Michael Richard Kidd AM (born 11 November 1959) is an Australian medical practitioner, academic and author. He is a past president of the Royal Australian College of General Practitioners (RACGP) and a past president of the World Organization of Family Doctors (WONCA).

Background 
Michael Kidd was educated at Belle Vue Primary School, and later Trinity Grammar School, Melbourne.  In 1983, he obtained MBBS (Hons) at the University of Melbourne, a postgraduate diploma in Community Child Health at Flinders University in 1989, a research Doctorate of Medicine in medical education at Monash University in 1995, and he was awarded Fellowship of the Royal Australian College of General Practitioners in 1989.

Professional career
Kidd was President of the Royal Australian College of General Practitioners from 2002-06. He was Head of the Department of General Practice at The University of Sydney between 1998 and 2008. In 2009, he was appointed as an Honorary Professor with the School of Medicine at The University of Sydney.
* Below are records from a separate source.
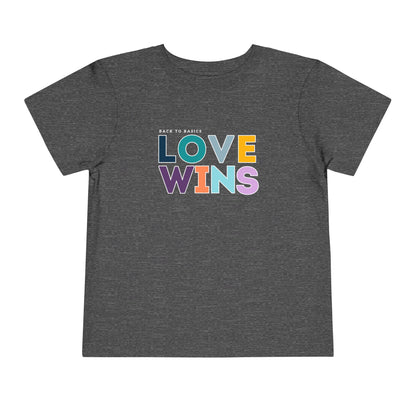 Love Wins - Unisex Toddler/Kid - Front Print on Light & Dark Tees👕
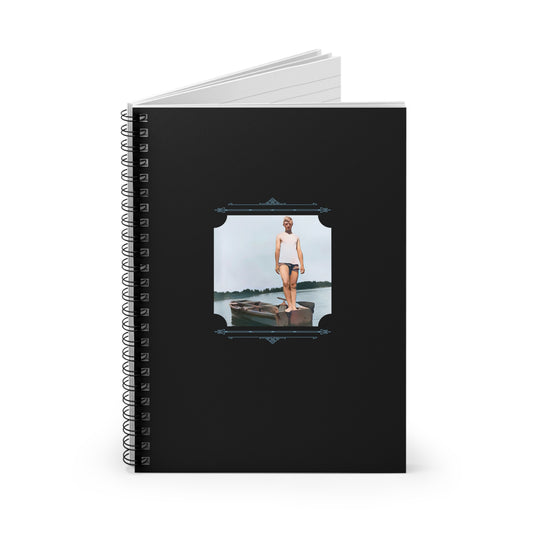 Vintage Photo - nager 025 | Spiral Notebook - Ruled Line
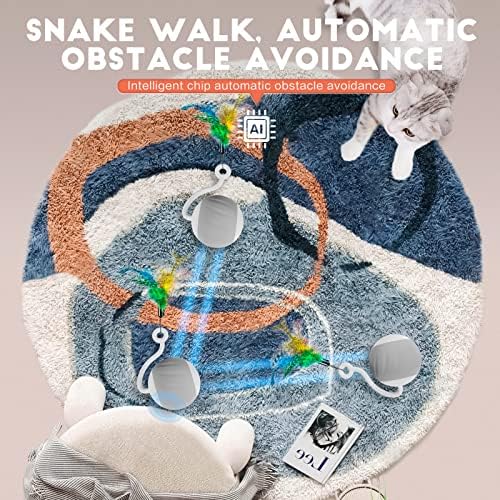 Upgraded 2.36 Inch Large Cat Toy With Touch&Voice Activation for Indoor Cat - Image 3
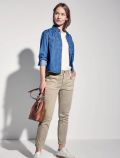 Pantalone curvy Street One - beige - 2
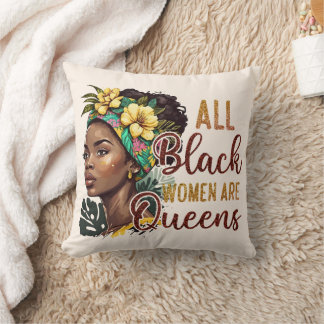 Cojín Decorativo Todas las mujeres negras son reinas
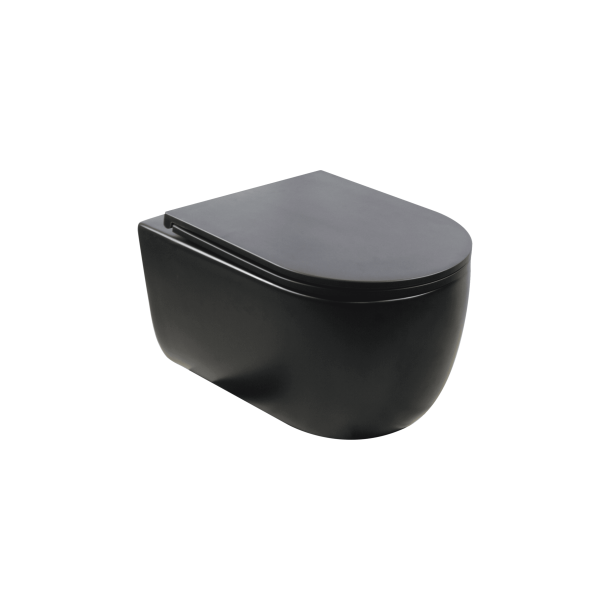 Cass�e Silent h�ngesk�l m/flush-skyl inkl. s�de - Mat sort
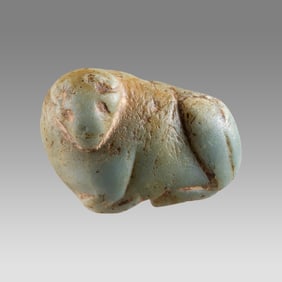 Ancient Near Eastern Marble Idol Head c.1200 BC.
From 2009-16, he served as the Executive Dean of the Faculty of Medicine, Nursing and Health Sciences at Flinders University with responsibility for the School of Medicine, the School of Nursing and Midwifery, and the School of Health Sciences. 
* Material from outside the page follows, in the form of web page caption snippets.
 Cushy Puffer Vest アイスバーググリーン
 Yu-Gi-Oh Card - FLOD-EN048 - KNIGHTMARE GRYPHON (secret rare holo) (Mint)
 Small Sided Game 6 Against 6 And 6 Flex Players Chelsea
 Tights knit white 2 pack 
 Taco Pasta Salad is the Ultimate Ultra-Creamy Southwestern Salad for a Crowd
In 2017, he was appointed as Professor of Global Primary Care with the Southgate Institute for Health, Equity and Society at Flinders University, and as Professor and Chair of the Department of Family and Community Medicine at the University of Toronto. In 2018, he was appointed as Director of the World Health Organization Collaborating Centre on Family Medicine and Primary Care. In 2020, he was appointed as Principal Medical Advisor and Deputy Chief Medical Officer with the Department of Health,  Australia. 

He is a Member of the Australian Institute of Company Directors and has been a member of the board of directors of beyondblue since 2011.  

He served ten years as a member of the International Scientific Advisory Board of the UK Biobank Research Project based at Oxford University.

From 2008-10, he was the Chair of the advocacy organisation Doctors for the Environment Australia. He served as World President of WONCA from June 2013 to November 2016.

He is the founder and editor-in-chief of the Journal of Medical Case Reports, the world's first online, PubMed listed, international medical journal devoted solely to case reports from all medical disciplines.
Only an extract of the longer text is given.